吉本興業のお笑いコンビ「カラテカ」の入江慎也さん(42)=解雇=が仲介し、「雨上がり決死隊」の宮迫博之さん(49)=謹慎処分=らが闇営業で特殊詐欺グループの会合へ参加したことが、写真週刊誌の報道で明らかにされたのが騒動の発端だった。その後、「スリムクラブ」も暴力団関係者の会合に出ていたと報じられた。

吉本興業ホームページによると、同社には約6000人の芸人が所属している。しかし、テレビ出演など会社経由の仕事で食べていける人は少ないとみられる。

闇営業はマージンなどを取られないため、実入りのいい仕事とされる。大手事務所の30代男性芸人は「闇営業が無いと生活が成り立たない」と訴えており、重要な収入源になっている。芸能関係者は「一発芸のようなネタを見せる番組が増え、多くの芸人が有名になったが人気を保てない。顔が売れアルバイトもできないので闇営業をする」と背景を説明する。

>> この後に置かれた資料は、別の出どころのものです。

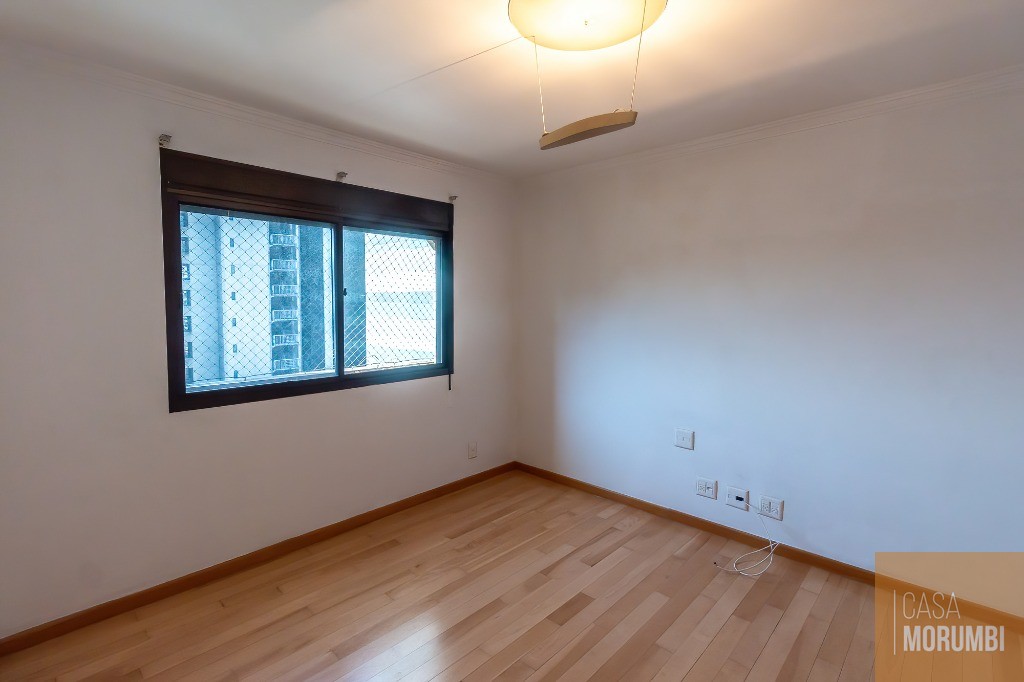 Apartamento para alugar com 3 quartos, 240m² - Foto 41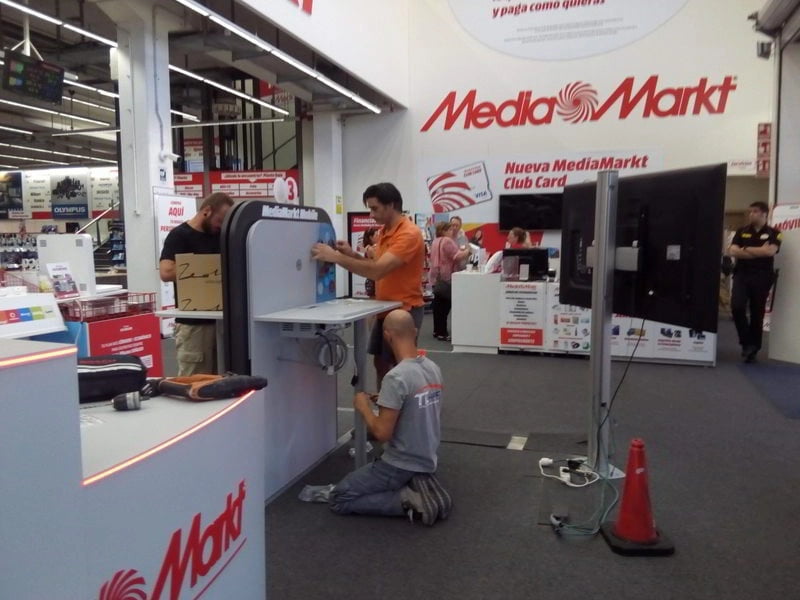 Montaje de mobiliario en media markt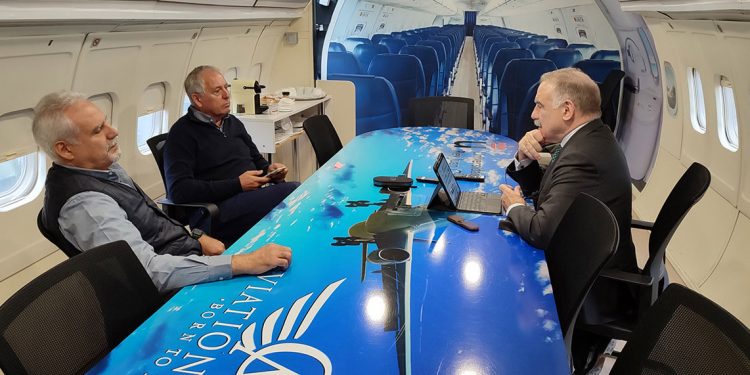 Francisco Castaño, gerente de Aviation Group, y José María Hernández, fundador y exgerente de CITHE, junto al senador por Melilla, Fernando Adolfo Gutiérrez Díaz de Otazu. Fuente: Aviation Group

闇営業自体は違法ではない。ただ、犯罪収益が芸人への報酬に充てられた可能性はある。宮迫さんらが詐欺グループの会合に参加したのは2014年12月。警視庁はその後、同年11~12月に高齢女性から現金500万円を詐取した容疑などで、グループのリーダー格の男らを逮捕した。会合と詐欺が行われたとされる時期は近いが、捜査関係者は「詐取金から報酬が支払われたことなどを完全に証明できないと立件は難しい」と話す。

闇営業報道をめぐっては、吉本興業から、週刊誌掲載の写真が反社会勢力から購入したものではと疑う声も出ているが、出版社は否定している。

一連の報道について、日弁連民事介入暴力対策委員会の尾崎毅弁護士は「反社会勢力の追及ではなく、芸人をたたく構図になっている」と指摘。「一般人や企業を含め反社会勢力に巻き込まれないためにどう対応するか、考えるべきだ」と話す。